By Paul Marx, News Staff
American suburbia has always been something of a contradiction. It embodies the American Dream; it is the physical manifestation of the nation’s obsessively secular pursuit of happiness. But at the same time, it has been the subject of disdain and ridicule as a breeding ground of conformity and complacency.
For decades, the issue has been addressed through movies, music albums and books. It’s curious that Arcade Fire, the Montreal-based indie outfit led by husband-wife duo Win Butler and Regine Chassagne, chose to release an album about this well-traveled subject today. What’s more curious is that the album, The Suburbs, is heartfelt and relevant.
The Suburbs, like the two albums that preceded it, is a concept album. It begins with an eponymous first track, and a wistful piano melody helps construct an unremarkable suburb where one “learned to drive.” It’s a world devoid of purpose or hardship. And yet, Butler, the lead singer, sings of war and survival (“You told me we’d never survive … By the time the first bombs fell / We were already bored”). The falsetto chorus (“Sometimes I can’t believe it / I’m moving past the feeling”) soon addresses the real threat: Spiritual and creative annihilation in the face of excess contentment.
It’s no coincidence that two of the band’s members, Butler and his multi-instrumentalist brother, William Butler, grew up in suburban Houston. Indeed, Win Butler’s vocals — saturnine and soulful — sound incredibly personal.
In the second track, “Ready to Start,” Win Butler vows in syncopated beats that “I would rather be wrong / Than live in the shadows of your song.” Elements of punk rock, in the form of a prominent bass line and bold barre chords, are consistent with the song’s anti-establishment bravado.
By the time the album gets to “The Modern Man,” it’s clear that Butler is not just talking about suburbanites. He speaks for all of the modern generation: One imagines Godot when he sings “In my dream I was almost there / Then you pulled me aside and said you’re going nowhere / I know we’re the chosen few / But we’re wasted / And that’s why we’re still waiting.” It’s a song of wasted potential and existential confusion, and it becomes painfully apparent that the promises made in “Ready to Start” will remain unfulfilled.
“Rococo” lashes out at such shortcomings. Butler jeers, “Let’s go downtown and watch the modern kids / They will eat right out of your hand / Using big words that they don’t understand.” Three heavily accented beats, mounting in intensity and force, eventually explode into a sort of march, an anthem of despair.
Near the end, The Suburbs toys with the idea of escaping to the city in “Sprawl II (Mountains Beyond Mountains).” However, in the synth-heavy song, Chassagne protests that “They heard me singing and they told me to stop.” The album does not – or is unable to – offer a solution to the crisis it laments.
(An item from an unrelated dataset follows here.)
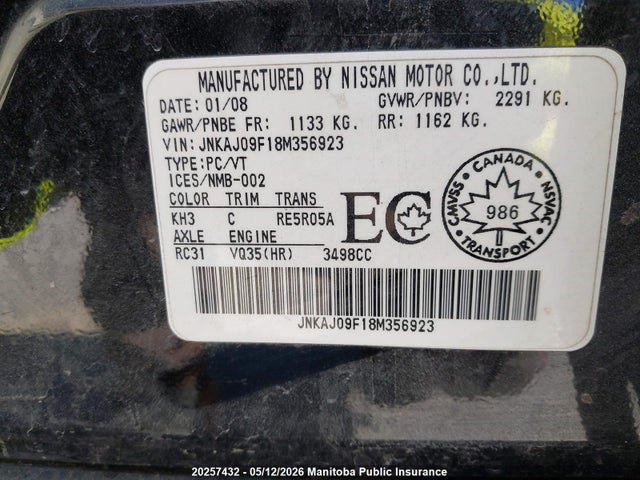 Aukcja sprzedaży 2008 Infiniti Ex35, vin: JNKAJ09F18M356923, numer aukcji: 20257432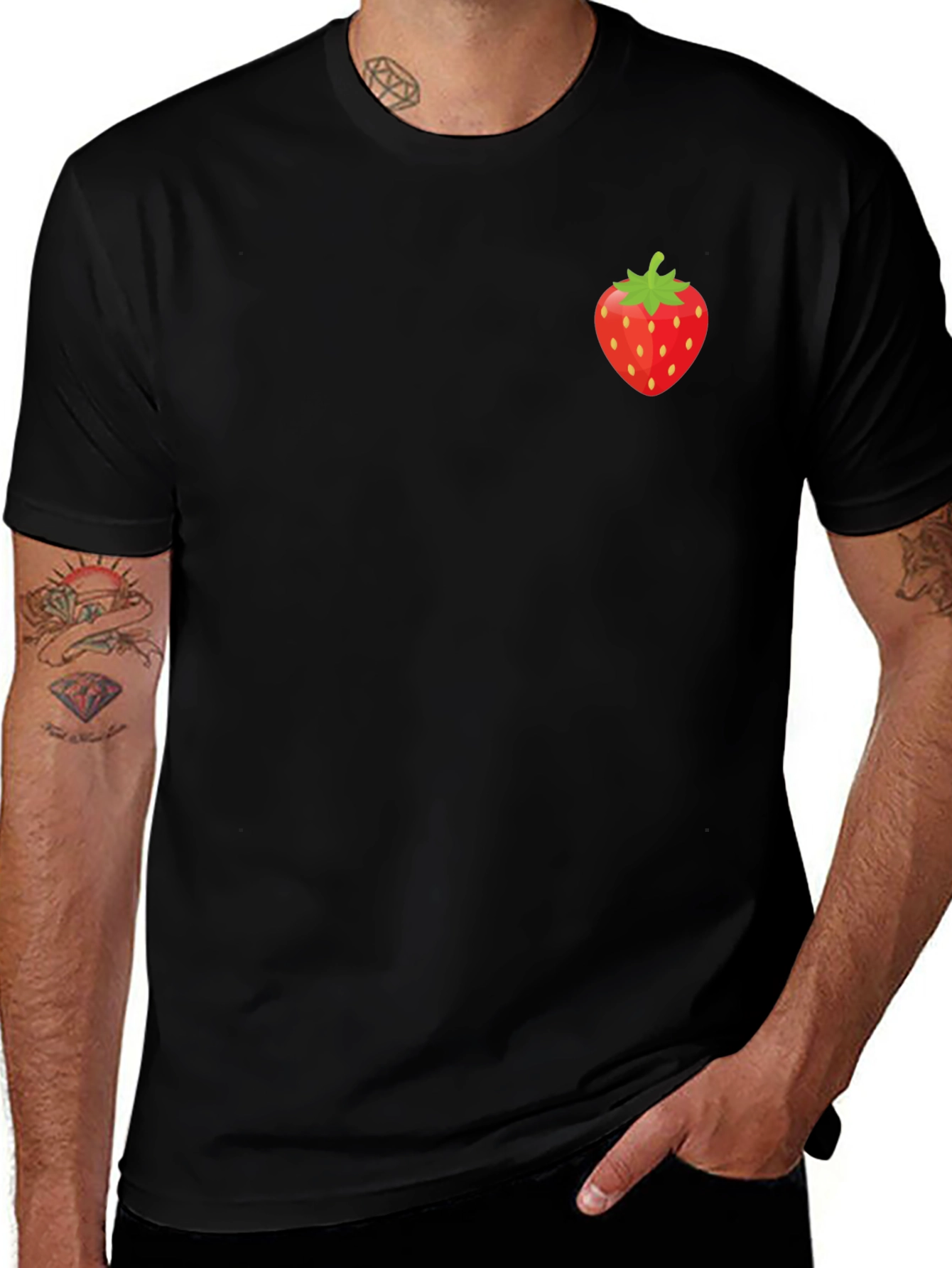 Strawberry Graphic Tee - Stylish Black T-Shirt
If anything, it seems to believe that the struggle is positively Sisyphean, with lines like “Dead shopping malls rise like mountains beyond mountains / And there’s no end in sight.”
Suburban life poses an existential threat to artists, who feed on trials, calamities and other intense emotional experiences to nurture their art. Interestingly, this very lack of hardship has translated into a hardship in itself: The Suburbs sings of unrealized dreams and crippling apathy.
The members of Arcade Fire somehow managed to “survive” the consuming tedium of suburbia, and they intend to spread the word. They also recognize that the issue is quite intractable, with no figures like “The Man” or “The Establishment” to readily vilify. Rather than griping about enemies who don’t exist, The Suburbs gripes about no one in particular. Instead, it recognizes the modern generation for what it is: A mundane tragedy.